The last 2 blogs mentioned the book 'The Philosophy of Sustainable Design' by Jason F. McLennan.
The last chapter, The Future of Architecture, summarizes what the author thinks may transpire in 10, 20 and 50 years from now.
Here are his predictions for the Next Half-Century 2050-2100
Despite the predictions of science fiction in the 20th century, humanity will not create new colonies on the moon or on distant planets. Indeed, the rising difficulties on earth will capture most resources away from space travel and the folly of human space conquest. The focus instead will be on keeping this planet safe for life. Population numbers will peak 50 years from now, kept in check by the availability of resources, disease and war. Almost every country in the world will see some sort of population stabilization or decline due to the enactment of population policy, mandatory education regarding birth control options and resource scarcity.
The effects of global climate change will be difficult for even the richest countries to adapt to. Great changes to society will emerge. The world will be a much poorer place from a diversity standpoint, both in the diversity of natural systems and species, but also in terms of cultural diversity and language. Future generations will scorn the excesses and arrogance of the people of our generation. And yet, finally, through it all will emerge a truly sustainable society, transformed scarcely 50 to 75 years from today. The level of the living building will become the baseline for all buildings in the future. Our communities will produce no pollution through energy use and no waste from things they create for use. A true eco-economy will have emerged that balances the use of resources with the earth’s capacity to handle its harvest. While we will continue to suffer from effects of the 19th and 20th centuries in a multitude of ways, in the end, despite hardships not seen since the middle ages, I believe we will endure. I think we will prove smarter than the bacterium, even though we have not yet proven so. Our true intelligence will be displayed, not by creating additional earths or crazy schemes to inhabit other planets, but by living peacefully on our own blue rock. And when we look back we will see the efforts of many great people, sustainable design philosophers and regular folks, an army of individuals who realized that they needed to do things differently. Perhaps this army includes a few who will read this book.
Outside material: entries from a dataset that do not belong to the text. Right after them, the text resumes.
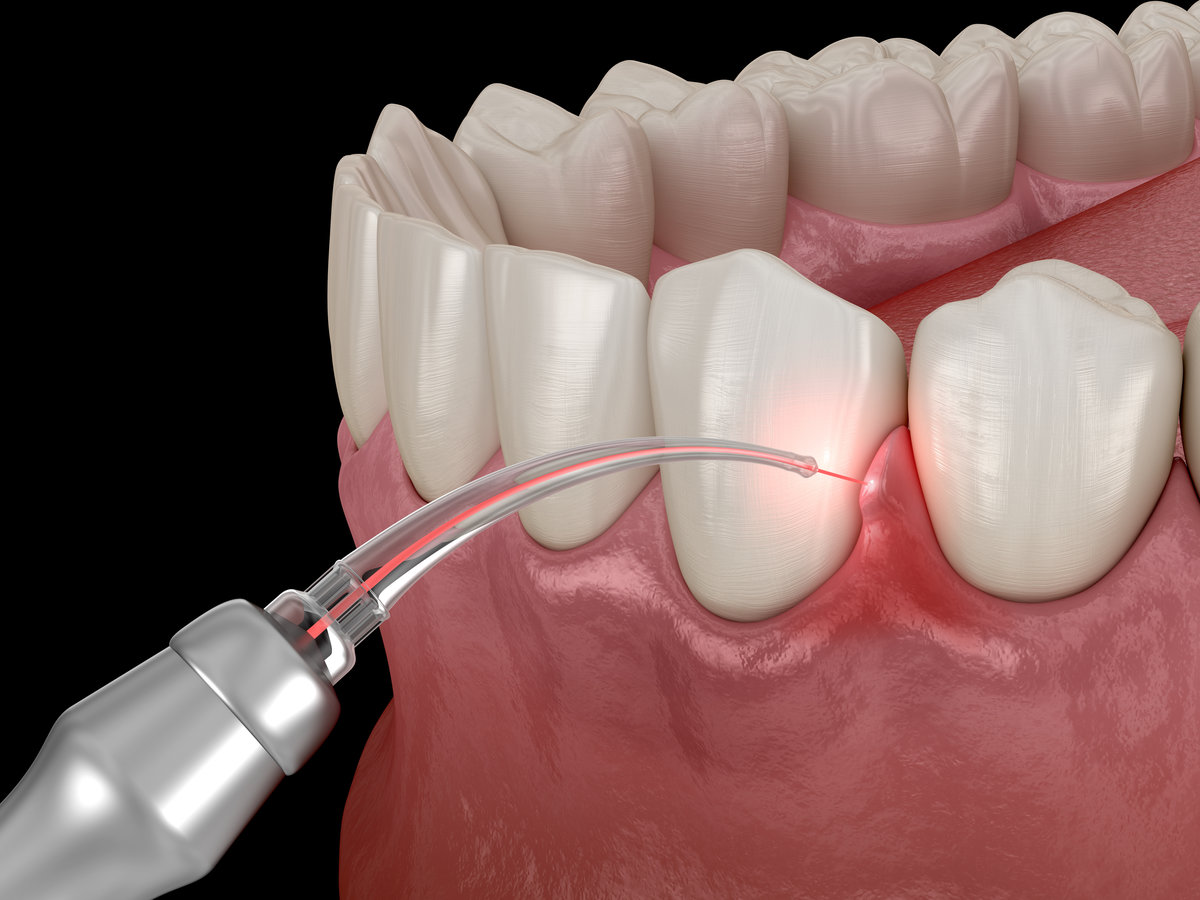 Gum correction surgery with laser. Dental 3D illustration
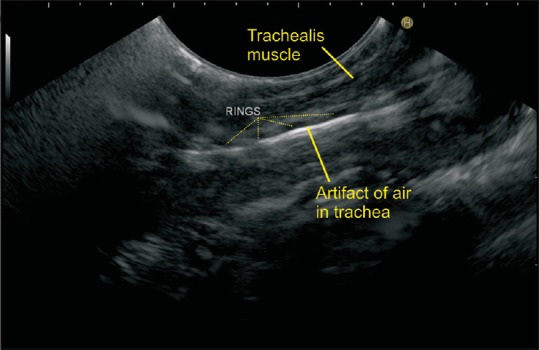 Figure 19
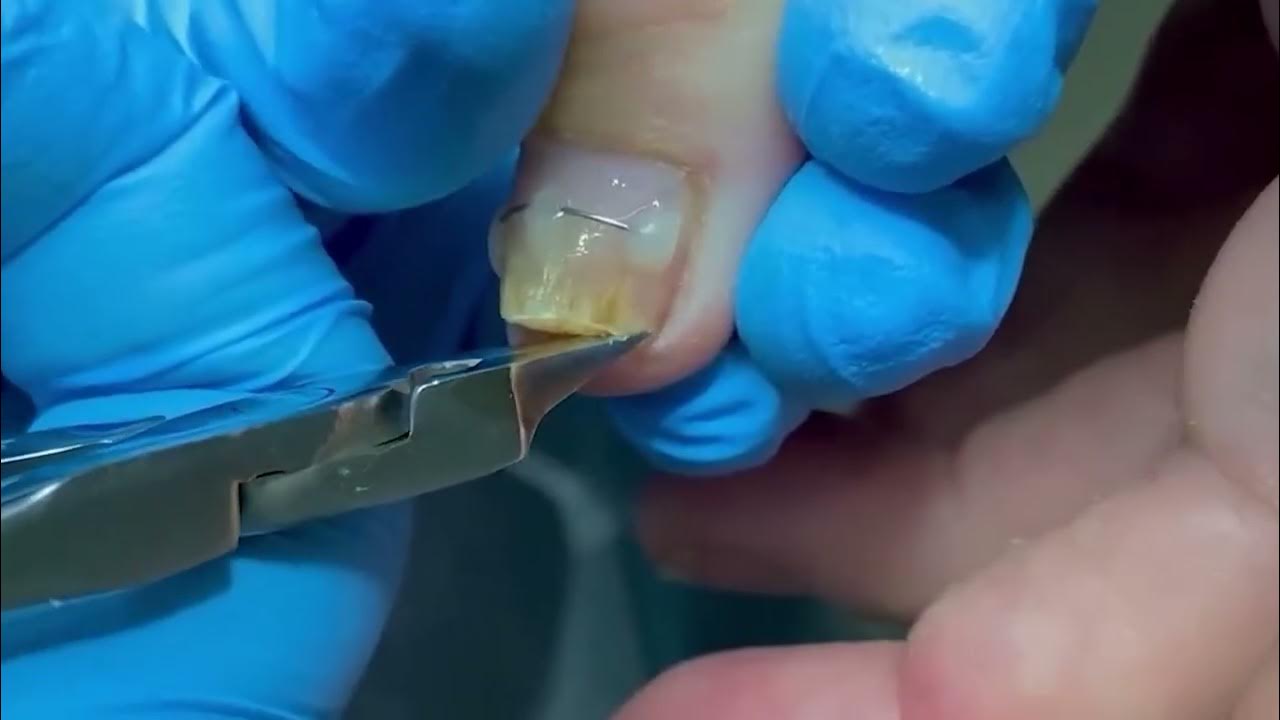 Installing titanium wire to correct the ingrown toenail! YouTube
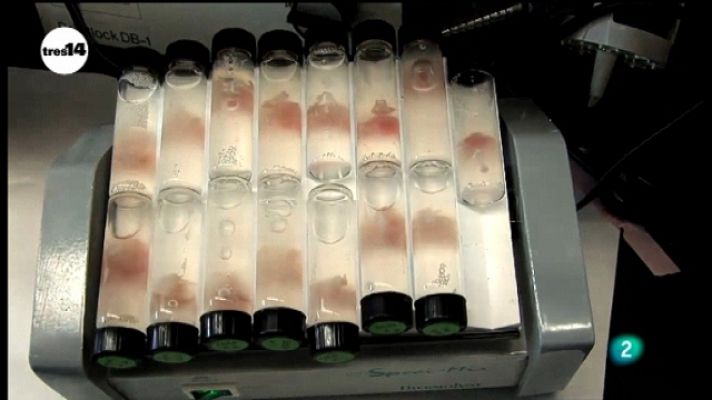 tres14 - Células madre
Along the way fundamental belief systems must change to reconcile with our true place in nature. We will finally learn that our economy is a subset of natural systems, not the other way around. People will make the shift from the short view to the long view of the world. They will shift from the promotion of technology for the sake of itself to technologies that enhance life of all kinds, for all time. They will make the paradigm shift to the realization that we are wholly dependent on an intricate web of life for our survival. They will even shift the metaphors and language that they use to describe themselves and their relationship to nature. They will realize once and for all that their place in the world is no higher, or no lower than any creature on the planet, and that all are part of the same act of creation.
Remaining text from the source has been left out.